Tire and wheel swaps are among the most popular aftermarket modifications out there today, but changing wheel or tire size can have unforeseen consequences in terms of torque delivery to the ground. This can have either disastrous or beneficial effects on towing, depending upon the vehicle, its engine and the gearing in the transmission and differential.
Gearsets either multiply or divide torque by using different-sized gears on the input and output shafts. For instance, if an input gear is 2.0 inches in diameter and an output gear is 8.0 inches in diameter, then the smaller input gear will need to turn four times to turn the output gear once. This has a direct effect on torque transmission to the gear. If that input gear receives, say, 200 foot-pounds of torque per revolution, then the output gear will end up transmitting 800 foot-pounds. In car terms, this plays directly to the relationship of engine rpm to axle rpm. With a 4-to-1 ratio, the engine turns four times faster than the axle shafts.
Tire Size and Torque
Things get a bit more complicated when you add tires into the mix. You can think of the tire-to-road relationship as a kind of second gearset; the tire moves a certain distance per revolution and the road stays still, so changing the diameter of a tire will have the same net result as changing the diameter of your differential's input gear. A smaller tire, like a smaller gear, will turn faster but transmit more torque to the ground. A larger tire will turn slower and transmit less torque. In practical terms, smaller tires net you higher engine rpm at a given speed, but more towing power; larger ones drop engine rpm and towing power.
Contrary to popular belief, lower rpm doesn't always equate to better fuel mileage. While it is true that most vehicles run at a higher rpm than they really need to for additional throttle response, tow vehicles often need it to move heavy loads. Using larger tires may drop your engine below its efficiency peak, and below the rpm at which it makes suitable power for towing. But it's not a bad idea if you expect to see nothing but flat lands, high speeds and lighter loads; in this case, bigger tires may net you some additional fuel economy. But if you plan to haul your truck's maximum tow weight up mountains, you may do better to install smaller tires.

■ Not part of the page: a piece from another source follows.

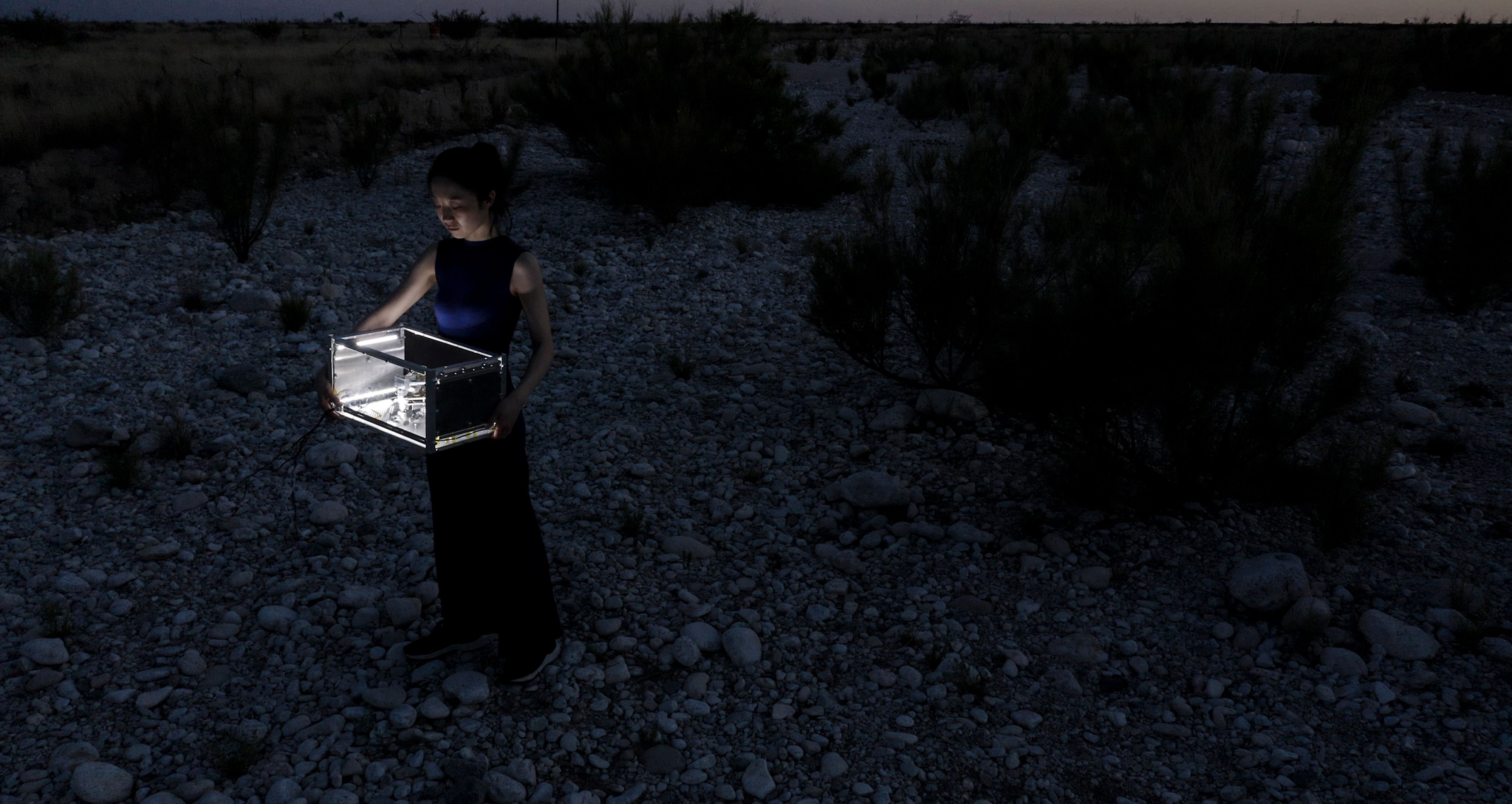 Person standing in a rocky desert at night holding an illuminated transparent box.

While effective gear ratio and tow weight do play an important role in choosing the right tires for a given application, they're not the sole determining factors. For instance, a 5,000-pound travel trailer may not seem like much of a haul for a truck rated at 10,000 pounds, but that trailer has the aerodynamics of a brick. In this case, installing bigger tires may cause your truck to struggle on the highway as it fights the air for dominance. And don't forget that larger or smaller tires are going to move your hitch closer to or farther from the ground by a factor of half the change in tire diameter. For instance, going from 30-inch tires to 25-inch tires will move the hitch 2.5 inches closer to the road.